YOUR GOAL: Once the images are set aside, return every entry exactly.

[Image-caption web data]
=== Begin Enclosure ===

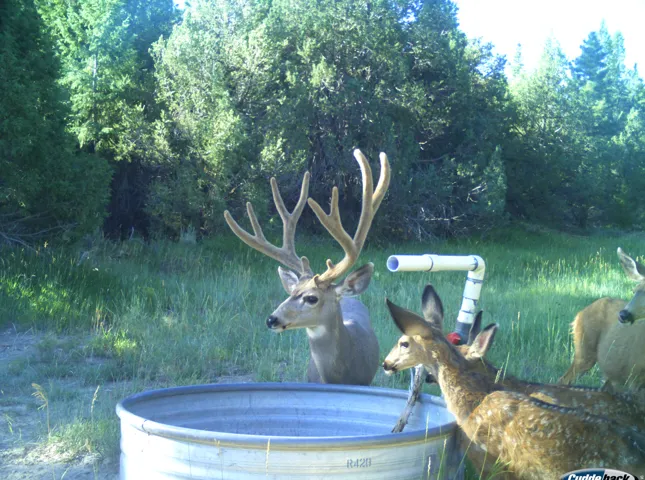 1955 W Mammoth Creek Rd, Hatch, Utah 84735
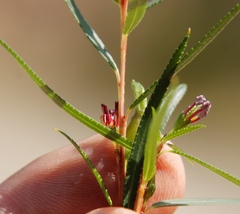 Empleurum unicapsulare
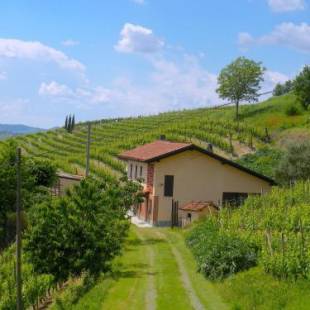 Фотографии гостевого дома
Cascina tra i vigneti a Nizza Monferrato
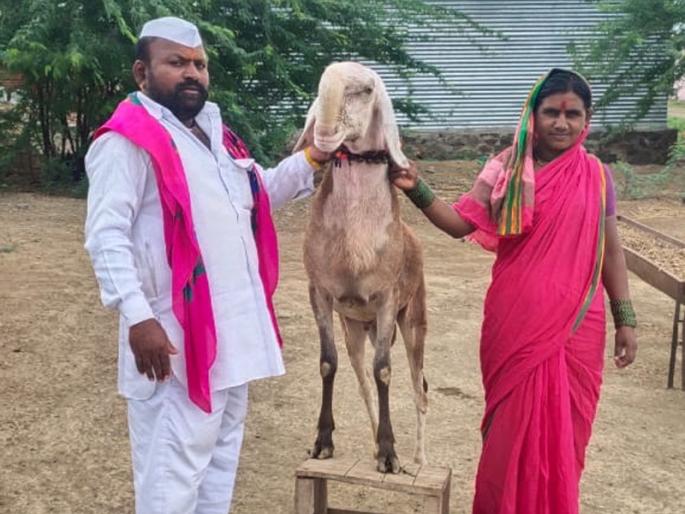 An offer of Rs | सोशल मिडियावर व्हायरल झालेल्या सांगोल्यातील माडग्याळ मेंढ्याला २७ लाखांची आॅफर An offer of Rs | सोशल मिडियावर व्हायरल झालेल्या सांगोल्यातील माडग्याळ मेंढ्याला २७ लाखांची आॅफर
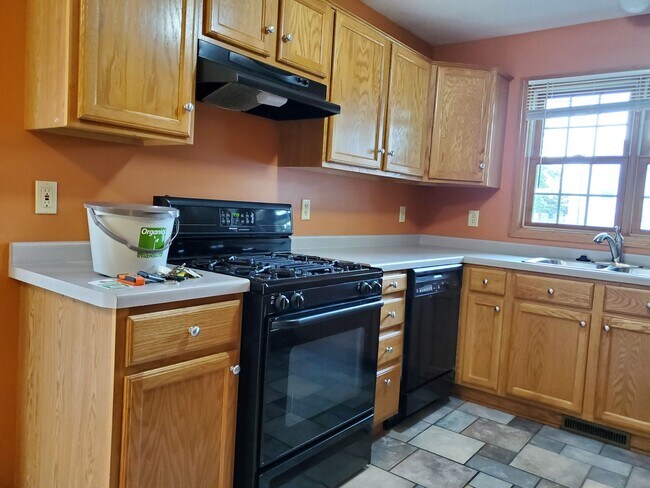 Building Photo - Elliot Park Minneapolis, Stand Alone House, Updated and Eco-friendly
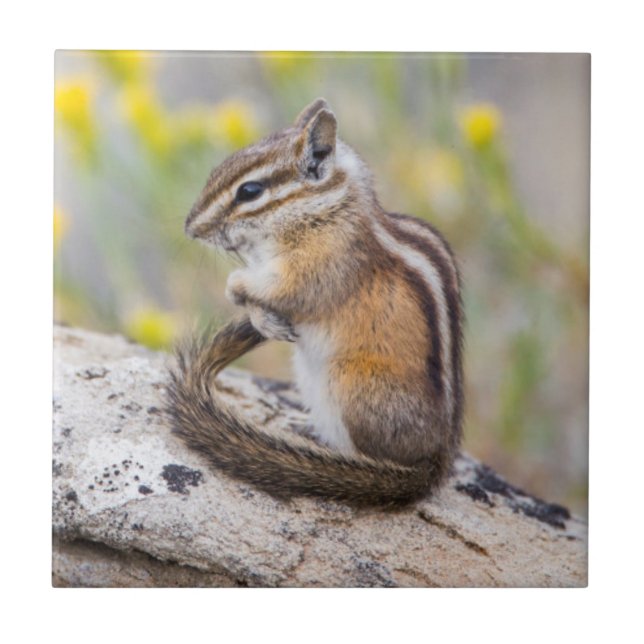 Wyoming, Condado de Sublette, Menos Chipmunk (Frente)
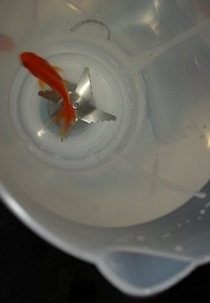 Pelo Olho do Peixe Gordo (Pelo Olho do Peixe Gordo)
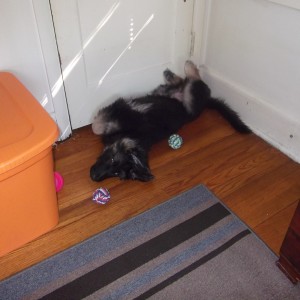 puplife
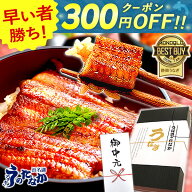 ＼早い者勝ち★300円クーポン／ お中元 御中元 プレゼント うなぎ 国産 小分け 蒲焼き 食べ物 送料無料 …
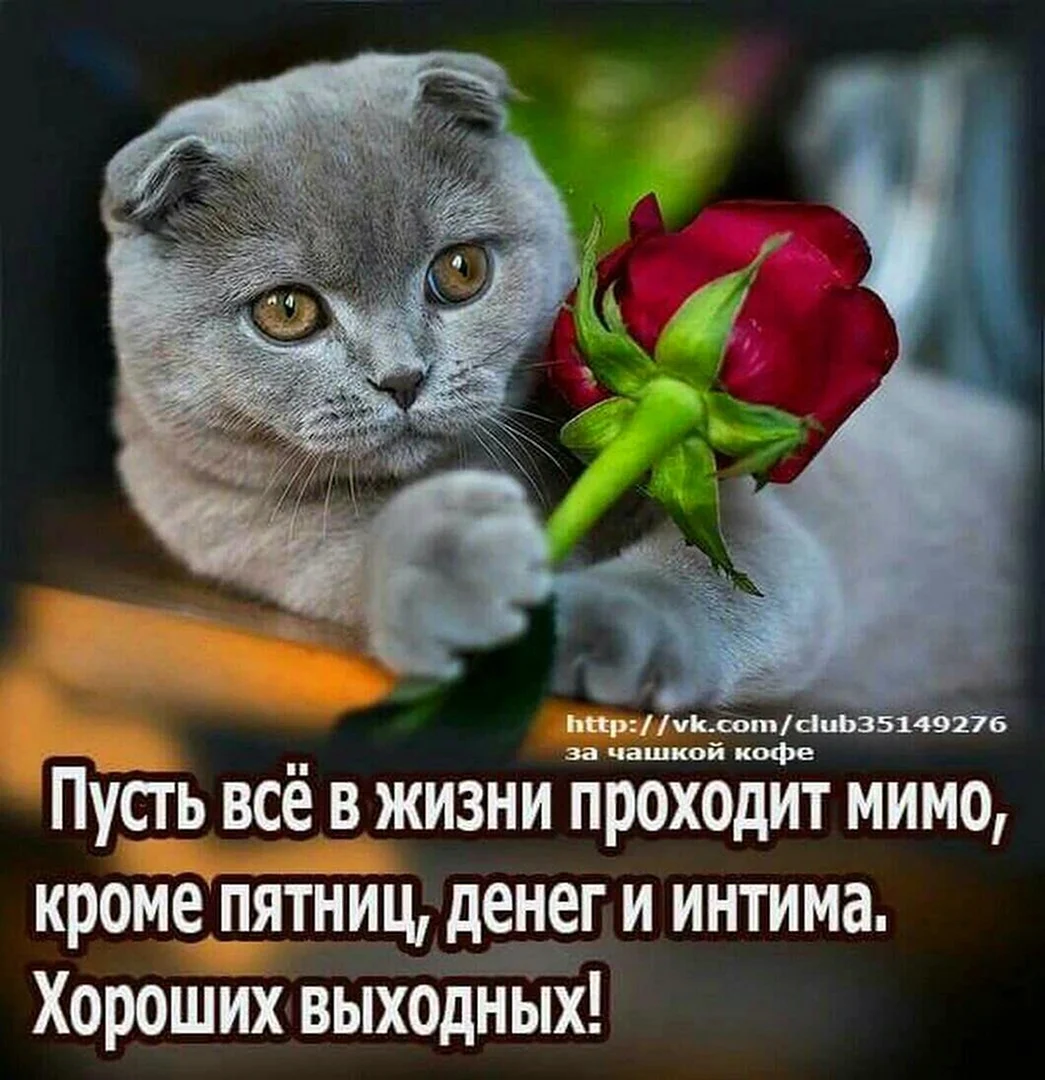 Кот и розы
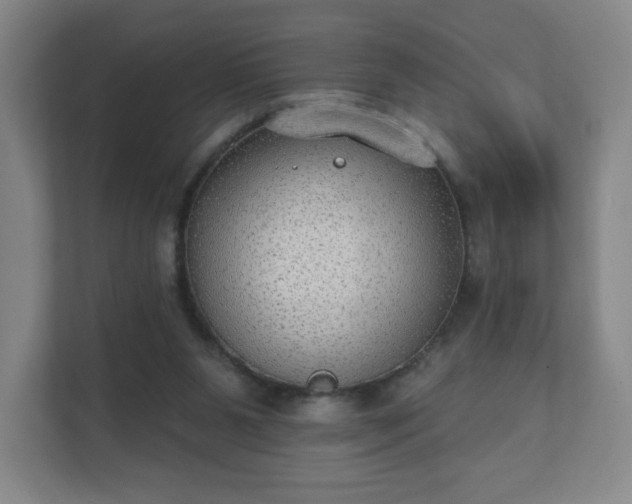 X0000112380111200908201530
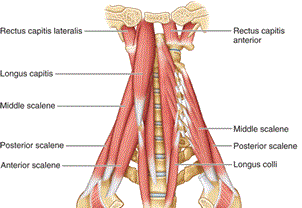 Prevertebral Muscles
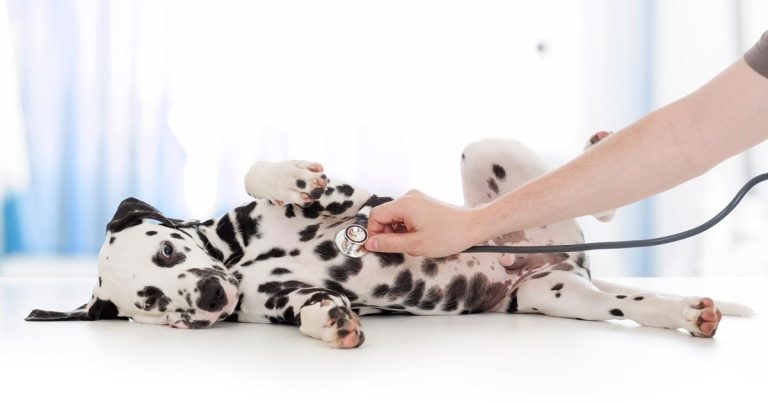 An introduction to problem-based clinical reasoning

=== End Enclosure ===

SOLUTION:
 1955 W Mammoth Creek Rd, Hatch, Utah 84735
 Empleurum unicapsulare
 Фотографии гостевого дома
Cascina tra i vigneti a Nizza Monferrato
 An offer of Rs | सोशल मिडियावर व्हायरल झालेल्या सांगोल्यातील माडग्याळ मेंढ्याला २७ लाखांची आॅफर An offer of Rs | सोशल मिडियावर व्हायरल झालेल्या सांगोल्यातील माडग्याळ मेंढ्याला २७ लाखांची आॅफर
 Building Photo - Elliot Park Minneapolis, Stand Alone House, Updated and Eco-friendly
 Wyoming, Condado de Sublette, Menos Chipmunk (Frente)
 Pelo Olho do Peixe Gordo (Pelo Olho do Peixe Gordo)
 puplife
 ＼早い者勝ち★300円クーポン／ お中元 御中元 プレゼント うなぎ 国産 小分け 蒲焼き 食べ物 送料無料 …
 Кот и розы
 X0000112380111200908201530
 Prevertebral Muscles
 An introduction to problem-based clinical reasoning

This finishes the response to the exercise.